New England, meanwhile, is back where they belong. Maybe there are some middle schoolers in Foxborough who don’t remember the dynasty, but everyone else remembers 15 Divisional Round appearances in 20 years under Brady and Belichick. That era ended. Then Mike Vrabel showed up, Drake Maye took a leap, and suddenly the Patriots are the 2-seed with an MVP candidate under center. The Death Star has some new faces at the helm.
Ten straight wins means nothing if number eleven doesn’t come in the Divisional Round. It never has for Houston. Maybe it’s time.
The Trenches
The Texans have a top 5 pass rush in football. They just proved it by sacking Aaron Rodgers 4 times and hitting him 12 times. That Steelers team was supposedly one of the best O-lines in the league. The Patriots are not that.
The Patriots O-line is a Jekyll and Hyde situation when it comes to run and pass blocking.
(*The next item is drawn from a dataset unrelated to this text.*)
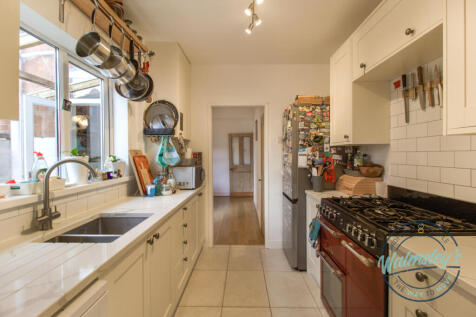Well equipped kitchen_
Morgan Moses leads the way at right tackle (79% RBWR, 7th at the position), and the team ranks 12th overall (72% RBWR). When they want to move bodies, they can. Pass protection is more complicated. Mike Onwenu grades out individually (95% PBWR, 20th among interior linemen) and rookie Will Campbell has been better than advertised at left tackle (5.8% pressure rate allowed). But the team sits 13th in PBWR (64%) and 11th in composite rating, good but not great. Add in Drake Maye’s high TTT (3.12 sec) and it’s a vicious cycle where extending plays just exposes the cracks.
The Texans D-line is strong. Maybe a mild understatement, given their two All-Pros leading the charge: Will Anderson Jr. (15 sacks, 3rd in NFL) and Danielle Hunter (12 sacks, 8th). Pass, run, it doesn’t matter. The Texans D-line eats it up. Anderson (23% PRWR, 4th among edge rushers) and Hunter (14%, 19th) are both top 20 in pass rush win rate. Togiai leads all DTs in run stop win rate (46%). Anderson ranks 8th among edge defenders (28%). Add in Sheldon Rankins, who’s skilled and strong enough to toss an offensive lineman back with one hand and take a fumble to the house? It spells DISASTER for the Patriots in Foxborough (Steiner math, so hot right now).
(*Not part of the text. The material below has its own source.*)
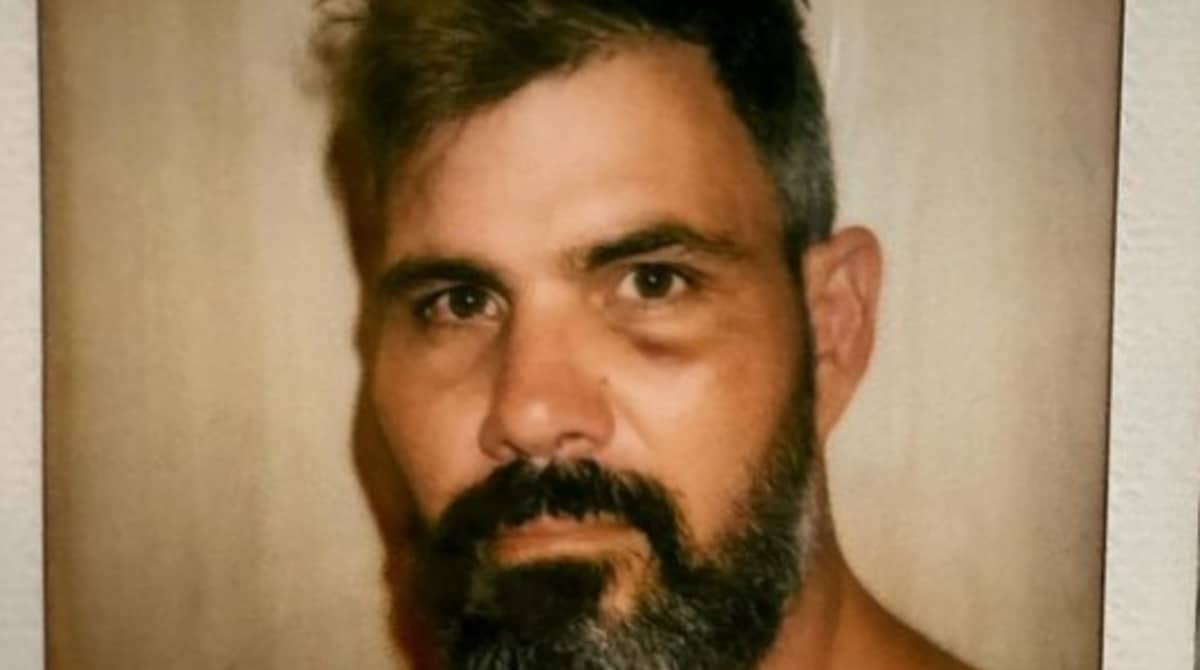 Juliano Cazarré e sua esposa comemoram o aniversário de 14 anos do filho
On the other side, it’s less a clash of titans and more a clash of stoppable force vs. movable object.
Here the Texans offensive line ranks 30th in pass block win rate (56%) and dead last in run block win rate (68%, 32nd). Not good. Those stats are a little misleading though. By that same composite metric they’re middle of the pack (20th). ESPN, the ppl behind PBWR and RBWR, just happens to REALLY hate them. The actual pressure rate allowed (35.2%) and no-blitz pressure rate (31.3%) are both mid-pack. CJ Stroud’s quick trigger (2.8 sec TTT, compared to Maye’s 3.12) and low Pressure-To-Sack Rate (13.4%, 10th) show how even when pressure arrives, it doesn’t always convert. Where the line actually struggles is the run game: 19.3% stuff rate, 6th worst in the league.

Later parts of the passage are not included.